The walls of the wood-house have their share of green; on the north side an ivy, with a gnarled main stem the size of a fair sized tree trunk, sends evergreen branches over roof as well as walls. Outside the door, which opens to the south, stone-crop has planted itself in masses among the stones, a perfect carpet of it, that in June is a bright yellow. In the “good old times,” before my day, the stone-crop served as a convenient spot on which to dump the coal sacks!

On the western side where the ground drops down—a warm, snug and sheltered bank—in the long grass white violets bloom by the thousand in the early spring, their sweet little blossoms streaked with mauve, nestling up to the old grey walls with the trustfulness of little children. Add to this long-fronded ferns growing out from among the wall stones, and you have an idea of the geography of the place.

On a hot day the cool shade on the north side is an ideal resting place; on a chilly day the south side gives you a shield from the wind. A pile of tree trunks and old logs lying outside fairly ask you to sit for a moment and take in some of the loveliness of the scene—you can never exhaust the whole of it—and if you sit for a minute you will probably sit there for hours.

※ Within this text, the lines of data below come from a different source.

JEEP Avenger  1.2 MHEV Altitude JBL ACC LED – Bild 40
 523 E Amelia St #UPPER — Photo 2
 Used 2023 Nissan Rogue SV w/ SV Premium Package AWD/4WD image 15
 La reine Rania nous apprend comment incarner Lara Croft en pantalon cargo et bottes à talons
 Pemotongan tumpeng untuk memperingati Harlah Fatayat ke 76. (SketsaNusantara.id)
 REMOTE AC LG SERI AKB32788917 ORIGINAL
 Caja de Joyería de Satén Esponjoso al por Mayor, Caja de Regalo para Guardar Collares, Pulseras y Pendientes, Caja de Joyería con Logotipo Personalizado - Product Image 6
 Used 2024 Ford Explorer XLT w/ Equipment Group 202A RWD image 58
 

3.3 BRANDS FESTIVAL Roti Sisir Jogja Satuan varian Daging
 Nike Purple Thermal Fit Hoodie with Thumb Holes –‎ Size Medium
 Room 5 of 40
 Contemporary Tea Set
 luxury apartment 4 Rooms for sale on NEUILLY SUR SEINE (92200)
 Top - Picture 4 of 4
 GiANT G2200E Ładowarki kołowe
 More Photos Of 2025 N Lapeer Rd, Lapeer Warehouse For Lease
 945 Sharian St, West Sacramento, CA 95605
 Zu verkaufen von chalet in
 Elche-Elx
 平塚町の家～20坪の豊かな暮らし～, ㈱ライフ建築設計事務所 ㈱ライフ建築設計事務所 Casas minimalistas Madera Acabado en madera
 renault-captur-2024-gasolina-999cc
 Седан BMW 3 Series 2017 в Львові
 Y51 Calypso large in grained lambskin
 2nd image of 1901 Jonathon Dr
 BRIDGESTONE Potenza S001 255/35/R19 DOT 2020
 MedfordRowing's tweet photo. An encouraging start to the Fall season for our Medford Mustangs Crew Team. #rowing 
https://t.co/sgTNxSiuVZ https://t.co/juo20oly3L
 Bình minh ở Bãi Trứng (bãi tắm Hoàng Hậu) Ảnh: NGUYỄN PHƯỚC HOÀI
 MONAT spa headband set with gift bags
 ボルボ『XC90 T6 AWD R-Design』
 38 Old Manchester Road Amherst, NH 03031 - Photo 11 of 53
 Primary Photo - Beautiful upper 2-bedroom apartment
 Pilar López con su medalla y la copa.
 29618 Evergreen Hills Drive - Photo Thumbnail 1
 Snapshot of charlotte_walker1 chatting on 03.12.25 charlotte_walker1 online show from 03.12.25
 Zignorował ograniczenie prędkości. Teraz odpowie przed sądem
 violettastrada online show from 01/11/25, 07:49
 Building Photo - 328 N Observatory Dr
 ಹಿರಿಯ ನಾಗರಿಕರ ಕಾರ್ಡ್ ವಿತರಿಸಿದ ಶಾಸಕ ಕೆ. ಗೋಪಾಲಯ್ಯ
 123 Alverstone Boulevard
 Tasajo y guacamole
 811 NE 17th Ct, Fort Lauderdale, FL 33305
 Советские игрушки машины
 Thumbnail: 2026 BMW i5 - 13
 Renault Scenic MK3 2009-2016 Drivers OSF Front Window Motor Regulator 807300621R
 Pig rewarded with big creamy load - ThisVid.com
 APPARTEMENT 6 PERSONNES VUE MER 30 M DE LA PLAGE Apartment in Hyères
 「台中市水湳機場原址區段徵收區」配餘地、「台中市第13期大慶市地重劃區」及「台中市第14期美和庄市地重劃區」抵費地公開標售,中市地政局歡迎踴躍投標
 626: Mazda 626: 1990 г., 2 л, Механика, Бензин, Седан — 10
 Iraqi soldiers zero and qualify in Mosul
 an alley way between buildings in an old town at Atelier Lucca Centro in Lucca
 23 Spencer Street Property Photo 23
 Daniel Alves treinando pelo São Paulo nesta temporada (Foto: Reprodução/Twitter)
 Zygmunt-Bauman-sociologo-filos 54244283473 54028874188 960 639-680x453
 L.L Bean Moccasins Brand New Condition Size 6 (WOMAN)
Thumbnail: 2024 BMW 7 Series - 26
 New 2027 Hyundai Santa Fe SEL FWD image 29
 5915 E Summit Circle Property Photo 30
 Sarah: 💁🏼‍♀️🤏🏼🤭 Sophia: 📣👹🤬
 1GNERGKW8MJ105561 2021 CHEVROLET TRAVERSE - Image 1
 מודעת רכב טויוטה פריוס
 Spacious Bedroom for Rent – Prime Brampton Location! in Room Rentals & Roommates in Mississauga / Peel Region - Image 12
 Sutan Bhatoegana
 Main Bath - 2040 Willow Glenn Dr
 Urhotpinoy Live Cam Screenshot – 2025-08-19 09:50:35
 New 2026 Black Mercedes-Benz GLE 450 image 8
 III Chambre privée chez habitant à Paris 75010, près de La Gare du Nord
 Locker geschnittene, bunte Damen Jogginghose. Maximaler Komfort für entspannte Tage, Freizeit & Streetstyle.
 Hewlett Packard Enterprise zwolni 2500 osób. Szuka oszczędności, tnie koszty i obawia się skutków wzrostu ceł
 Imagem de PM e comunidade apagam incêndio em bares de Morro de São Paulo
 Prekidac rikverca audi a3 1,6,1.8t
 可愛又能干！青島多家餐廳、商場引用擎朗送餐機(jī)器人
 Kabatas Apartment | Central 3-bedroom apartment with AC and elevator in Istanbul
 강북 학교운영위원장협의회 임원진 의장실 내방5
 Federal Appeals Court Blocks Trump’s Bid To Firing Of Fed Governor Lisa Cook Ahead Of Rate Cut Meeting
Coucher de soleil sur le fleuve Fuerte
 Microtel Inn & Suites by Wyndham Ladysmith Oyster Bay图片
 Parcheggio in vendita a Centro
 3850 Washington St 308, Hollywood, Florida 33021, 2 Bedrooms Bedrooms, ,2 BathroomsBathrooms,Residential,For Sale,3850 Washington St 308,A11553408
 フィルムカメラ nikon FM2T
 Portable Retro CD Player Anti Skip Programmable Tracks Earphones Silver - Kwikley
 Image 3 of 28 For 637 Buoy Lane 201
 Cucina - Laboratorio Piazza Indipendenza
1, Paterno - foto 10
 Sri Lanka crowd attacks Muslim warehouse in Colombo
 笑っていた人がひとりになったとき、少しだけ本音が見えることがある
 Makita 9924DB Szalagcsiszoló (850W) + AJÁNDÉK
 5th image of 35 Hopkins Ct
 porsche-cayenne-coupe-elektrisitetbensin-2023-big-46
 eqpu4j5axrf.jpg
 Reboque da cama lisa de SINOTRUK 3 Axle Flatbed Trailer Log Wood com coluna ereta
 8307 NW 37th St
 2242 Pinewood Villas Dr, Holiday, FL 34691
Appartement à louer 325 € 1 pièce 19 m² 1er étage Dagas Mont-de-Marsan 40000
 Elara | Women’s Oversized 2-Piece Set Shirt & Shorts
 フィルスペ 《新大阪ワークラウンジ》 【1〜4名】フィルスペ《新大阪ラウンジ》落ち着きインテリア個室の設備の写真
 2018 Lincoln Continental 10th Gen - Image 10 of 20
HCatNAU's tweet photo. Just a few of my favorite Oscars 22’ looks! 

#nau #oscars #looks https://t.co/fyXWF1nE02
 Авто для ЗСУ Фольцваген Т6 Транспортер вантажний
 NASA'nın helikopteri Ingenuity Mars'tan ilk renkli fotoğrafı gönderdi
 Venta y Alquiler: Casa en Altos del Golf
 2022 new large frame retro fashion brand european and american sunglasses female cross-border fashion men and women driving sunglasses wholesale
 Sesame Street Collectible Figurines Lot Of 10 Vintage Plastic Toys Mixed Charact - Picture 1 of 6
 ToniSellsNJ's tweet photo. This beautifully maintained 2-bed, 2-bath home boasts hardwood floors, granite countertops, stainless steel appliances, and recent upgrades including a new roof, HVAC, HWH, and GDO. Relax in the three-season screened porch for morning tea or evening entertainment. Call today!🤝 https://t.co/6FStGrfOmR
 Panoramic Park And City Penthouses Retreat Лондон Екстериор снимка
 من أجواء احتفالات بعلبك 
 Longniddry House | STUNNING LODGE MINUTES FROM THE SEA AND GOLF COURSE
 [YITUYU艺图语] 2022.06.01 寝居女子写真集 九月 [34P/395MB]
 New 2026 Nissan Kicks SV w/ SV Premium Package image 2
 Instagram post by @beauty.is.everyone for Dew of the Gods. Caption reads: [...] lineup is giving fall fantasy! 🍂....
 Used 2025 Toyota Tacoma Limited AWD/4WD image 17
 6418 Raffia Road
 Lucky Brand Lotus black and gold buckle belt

Here is absolute quiet of spirit, but never silence. The trees are seldom still; all day and all night the wind upon these hills sways the tall, lithe tops of the larches to and fro, to and fro; the leaves and the catkins of the birches are for ever fluttering; the vibrant branches of the pines hum and sing in the breezes, summer or winter; the music of it all never ceases though it varies in volume according to the season. On the hottest summer days the grasses still sigh; the bees hum all day long in the clover; the blue-tits tweet and twitter as they swing about the birches, and their cousins the coal-tits keep up an endless run of comment in the larches. In May the nightingale comes into the grove to sing; in June rival chaffinches perch on the top spikes of certain spruce trees—always the same bird on the same spike—and defy each other and the world in general. The stock-dove croons over its nest in the tallest firs, and the reddy-brown squirrel scolds you severely if you are coming too near his own particular chosen tree.


Inside the wood-house you may find many things; some you are prepared for, some you are not. In theory, it is sacred to the use of the Head of Affairs, a sort of play-house and workshop combined, wherein no handy man is supposed to set foot, and no prying eyes are supposed to discover that the owner is working in a jersey, with no qualms over the absence of waistcoat and stiff collar.

But I often go in when I am anxious to be alone and wanting many things that one cannot put down in words. And knowing this, the Head of Affairs doesn’t keep his best saws there!—not the splendid big “Farmer’s Saw,” with its doubly notched teeth, that run through big fir trunks with amazing ease; nor the finer tools that deal with the short snappy branches. No, the saw that is left for such emergencies is a nondescript article that has now a wavy—very wavy—edge, and a few of its teeth doubled over; a saw that seems as though you can never get it well into the wood, and once you have got it in, it can’t be got out again, much less be made to move with soft purring motion.

You see, I have individuality where sawing is concerned, but it is useless to talk about it, for I’ve come to the conclusion that whatever other moral improvements a woman may manage to effect in the man she marries, it is a lifework to get him to a proper appreciation of her method of goffering a saw!

But I must beg you not to picture the wood-house as the home of the miscellaneous collection of nondescript oddments so indescribably dear to every masculine heart. There is an outhouse elsewhere that accommodates short lengths of chain, pieces of wire netting, old locks, bits of copper wire, staples and hooks, broken hinges (that might be made do duty again, if any one ever has a gate that prefers its hinges to be broken), oil cans, a piece of lead pipe, various lengths of iron rods, broom handles, stale putty, old keys, a couple of invalided padlocks, and—well, you know the type of things that every self-respecting man likes to gather around him, and keep handy, in case he might need them at any moment.

Unfortunately one of the many blighting influences of town-life, for ever hindering the full flowering of one’s better nature, is the lack of the necessary space to stock such useful items. But in the country one is not so hampered, and one’s private marine store grows apace, and differs only according to the temperament of the collector. Indeed, I have come to the conclusion that country air develops in man and woman alike that tendency to hoard, which is so noticeable in early childhood, when the small girl collects buttons and clippings from her mother’s sewing-room, and the small boy bulges the blouse of his sailor suit with string and “conquers” and coloured chalks, and old penknives and young frogs.